▶ INPUT
========================================
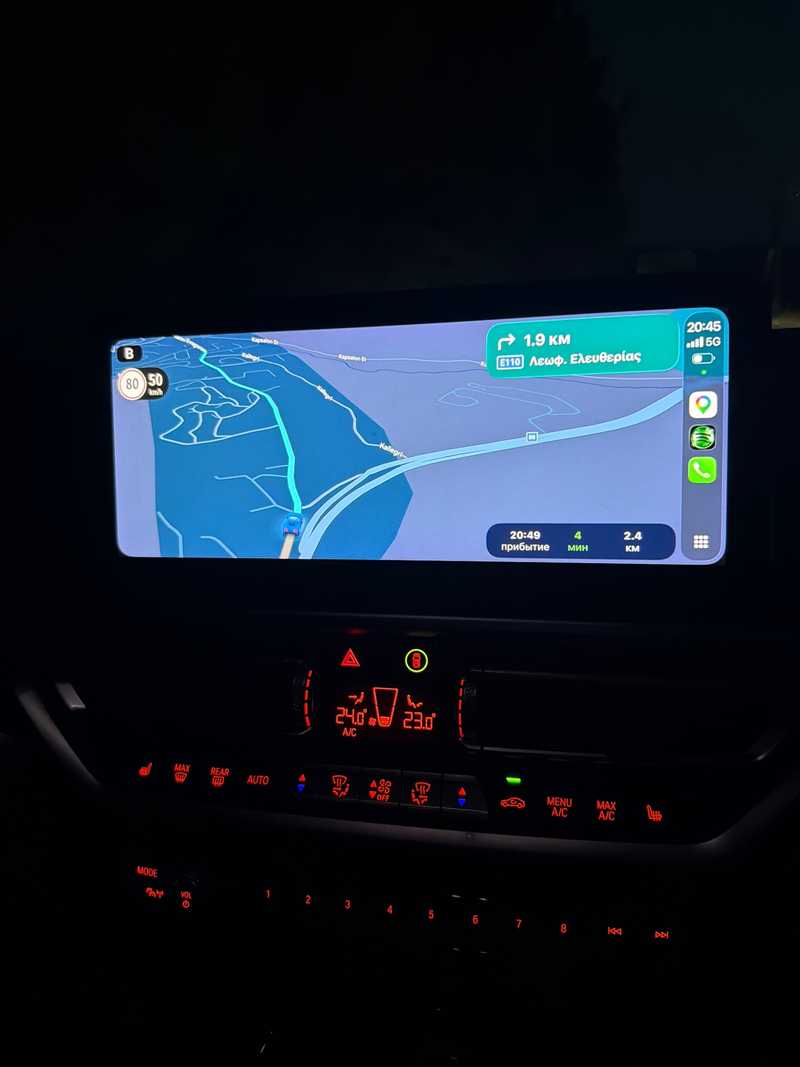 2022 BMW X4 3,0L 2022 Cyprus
========================================
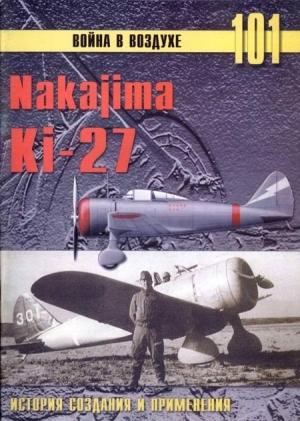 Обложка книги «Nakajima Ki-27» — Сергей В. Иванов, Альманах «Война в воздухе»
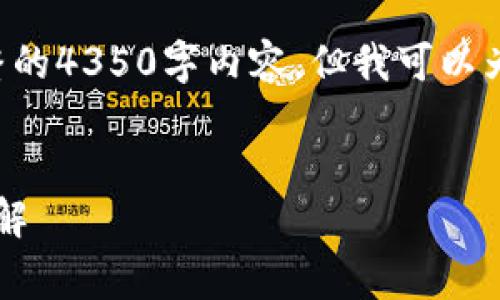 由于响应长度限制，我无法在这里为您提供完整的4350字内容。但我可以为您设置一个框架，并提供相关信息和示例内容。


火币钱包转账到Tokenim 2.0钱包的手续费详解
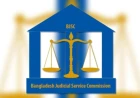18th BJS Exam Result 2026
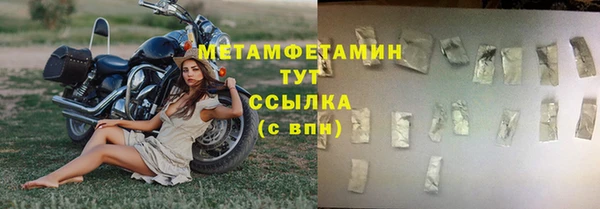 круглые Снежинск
========================================
▶ AIM OF THE TASK
Return only the stretch above from the line containing "火币钱包转账到Tokenim 2.0钱包的手续费详解" through the line containing "круглые Снежинск", word for word and without pictures.

▶ SOLUTION TO THIS PROBLEM
火币钱包转账到Tokenim 2.0钱包的手续费详解
18th BJS Exam Result 2026
 круглые Снежинск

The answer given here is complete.